Das Tausendaugenhaus
    Die oben abgerundete, mit schmiedeeisernen Angeln versehene Tür fiel ins Schloß. Meno legte nicht ab. In einer Vase auf der Konsole des Flurspiegels stand ein Rosenstrauß; Meno schlug ihn vorsichtig in bereitliegendes Papier ein. »Aus dem Wintergarten, von Libussa«, sagte er stolz. »Versuch mal, in dieser Jahreszeit in Dresden so etwas zu bekommen. Wollen sehen, was die anderen zu bieten haben. Bei Centraflor gibt’s nämlich nur Trauerkränze, Weihnachtssterne und Alpenveilchen.« Meno nahm ein flaches Paket, das neben der Vase lag.

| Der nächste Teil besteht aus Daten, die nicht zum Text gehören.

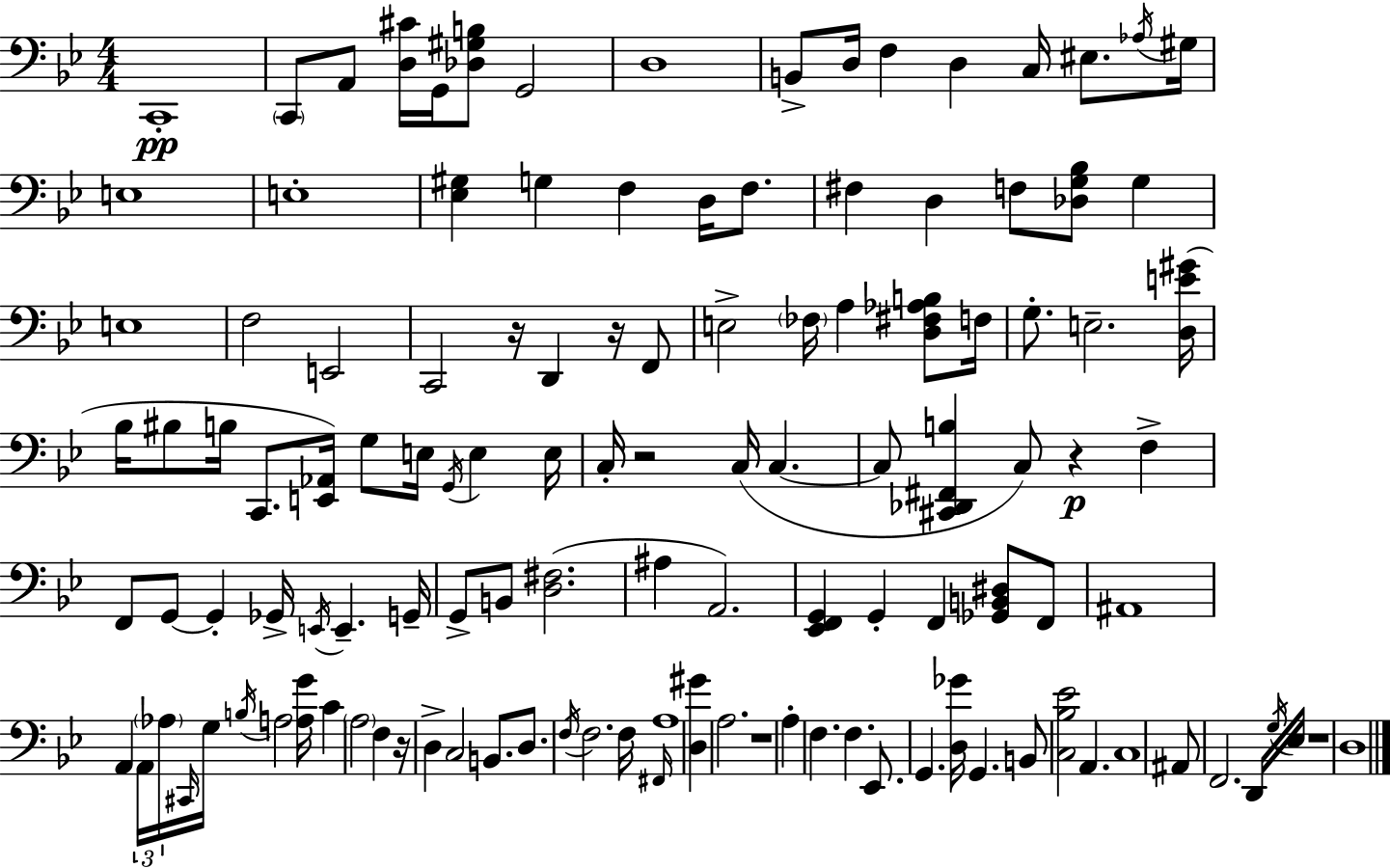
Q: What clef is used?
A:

    »Anne hat dir ein paar Sachen hergebracht, oben in der Kajüte. Wie machen wir’s mit dem Barometer? Hab’ Anne versprochen, etwas eher da zu sein.«
    »Hast du Geschenkpapier?«
    »In der Küche.«
    »Also bring’ ich eingepacktes Wetter mit.«
    »Bon mot, mein Lieber. Bevor du gehst, schaust du bitte nochmal nach dem Ofen? Handtücher sind oben. Du kannst duschen, wenn du willst, der Badeofen ist geheizt.«
    »Hab’ ich schon, im Internat.«
    »Ich laß dir den Schlüssel da. Hab’ für alle Fälle auch Libussa Bescheid gesagt, falls was sein sollte.« Meno verschwand in der Stube. Bald darauf hörte Christian, der inzwischen Schuhe und Parka ausgezogen hatte, die Ofentür klappern und Briketts poltern. Die Kohlenzange klirrte auf das Ofenblech, Meno kam zurück, Wasser rauschte in der Küche. »Und laß dich nicht von Baba anbetteln, hat genug bekommen, das dicke Tier. Laß ihn in den Flur, die Wärme ist futsch, wenn die Stube offenbleibt, und so eine Ferkelei wie vorgestern möchte ich nicht noch mal erleben.«
    »Was hat er gemacht?«
    »Sich skrupellos hinter die Zehnminutenuhr gehockt! Und ich bin keine Stunde weggewesen.«
    Christian lachte. Meno, der im Spiegel sein Aussehen prüfte und an der Krawatte rückte, knurrte: »So ein Faultier! Mir war nicht zum Lachen zumute, das kann ich dir sagen. Und gestunken hat das … Na ja. Denk also bitte daran.«
    »Wie geht’s in der Edition?«
    »Später«, sagte Meno an der Tür, das flache Paket und die Blumen, die er in einem Beutel verstaut hatte, in der Hand, und tippte an den Hut.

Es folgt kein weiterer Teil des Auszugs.